Nähe verändert alles

01. Januar 1900 | von

Schwester Alexa Weißmüller OSF trat 1964 in den Orden der Franziskanerinnen von der ewigen Anbetung (Olpe) ein. Nach dem Theologiestudium arbeitete sie in einer Gemeinde, bevor sie Noviziatsleiterin ihres Ordens wurde. Später übernahm sie auch die Leitung des Juniorates und Aufgaben in der Provinzleitung. 1993 zog sie in einen neuen Konvent in der Nähe des Kölner Hauptbahnhofs. Heute arbeitet die 57jährige als Obdachlosen-Seelsorgerin in Köln, gemeinsam mit Bruder Hermann-Josef Schlepütz OFM (im Bild rechts).

Schwester Alexa, wie kamen Sie zu dieser Tätigkeit? Das war absolut nicht geplant. Ich hätte mir das früher auch nicht vorstellen können. Das ist einfach so gewachsen. Als wir 1993 nach Köln zogen, bin ich vier Wochen lang alle Straßen der Umgebung abgegangen, um zu sehen, wo wir hier wohnen und was hier für Menschen leben. Nach vier Wochen war ich mitten in der Szene.

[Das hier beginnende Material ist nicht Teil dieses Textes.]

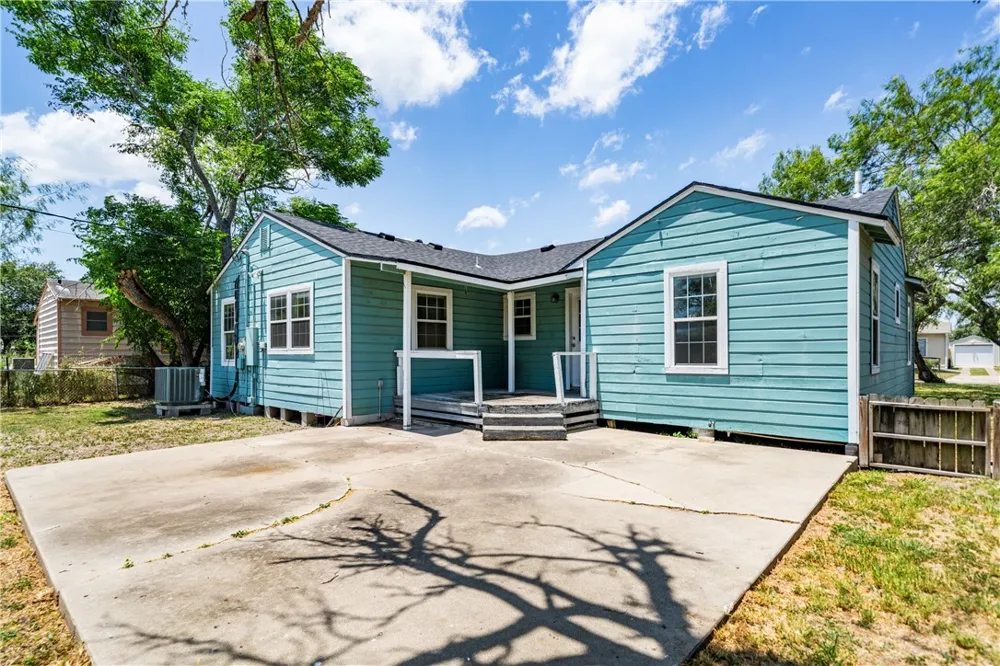 809 E Shelton Street Kingsville, TX 78363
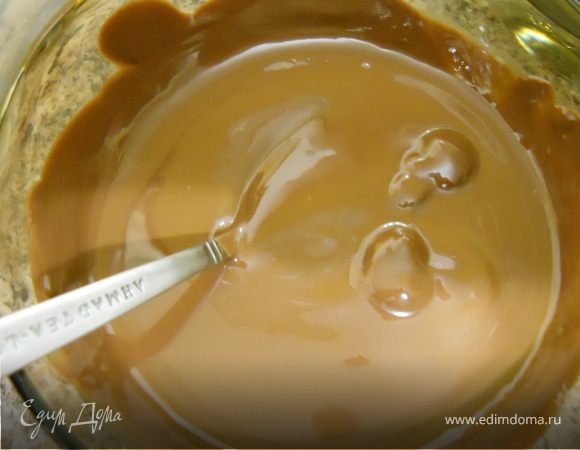 растопить поломанный на кусочки шоколад (100 г.),масло и молоко. Я все делала в микро: по 30 сек. и каждый раз перемешивать.
Добавить сух. молоко и алкоголь(у меня коньяк).Можно насыпать бисквитных крошек, орехов и т.п.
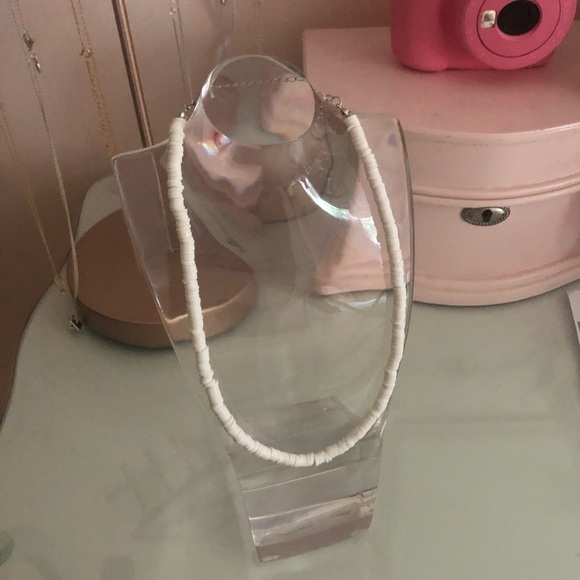 White Beaded Necklace - Picture 4 of 4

Sechs Jahre bin ich nun drin. Vor drei Jahren wurde dann eine Stelle für die Wohnungslosenseelsorge eingerichtet.

Können Sie etwas über die Situation der Leute auf der Straße sagen? Es sind viele Männer und Frauen - und zwar aus allen Schichten. Ich kenne jemanden, der war Unternehmer. Dann verunglückten seine Frau und seine Tochter tödlich. Das hat er nicht verkraftet, er kam ans Trinken und dann auf die Straße. Ich möchte jedem sagen: Trag´ die Nase nicht zu hoch, es kann dir morgen passieren.
Die Situation ist in den meisten großen Städten nicht gut, auch wenn vieles versucht wird von den Behörden, von kirchlichen Stellen und privaten Initiativen. Es reicht nie. Die Wohnungen reichen nie aus, die Hilfsangebote erreichen viele nicht.
Dazu kommt die Städtepolitik in vielen Städten - auch in Köln. Die Stadt soll schön sauber sein für die Touristen, deshalb werden die Menschen, die nicht in dieses Bild passen, in die Vororte zu vertrieben, obwohl sich die meisten Hilfsangebote im Zentrum befinden.
Es wird mit zweierlei Maß gemessen. Es ist kurios, wenn jemand in einem Straßencafé fünf bis zehn Bier trinken kann, weil er das nötige Geld hat, aber ein anderer, der vor diesem Café mit einer Dose Bier auf der Straße sitzt, dort mit einem Aufenthaltsverbot belegt wird, manchmal sogar mit einer Strafe, wenn er diesem nicht Folge leistet.
Außerdem ist es sehr menschenentwürdigend, wenn jemand mehrmals am Tag seinen Ausweis vorzeigen muß.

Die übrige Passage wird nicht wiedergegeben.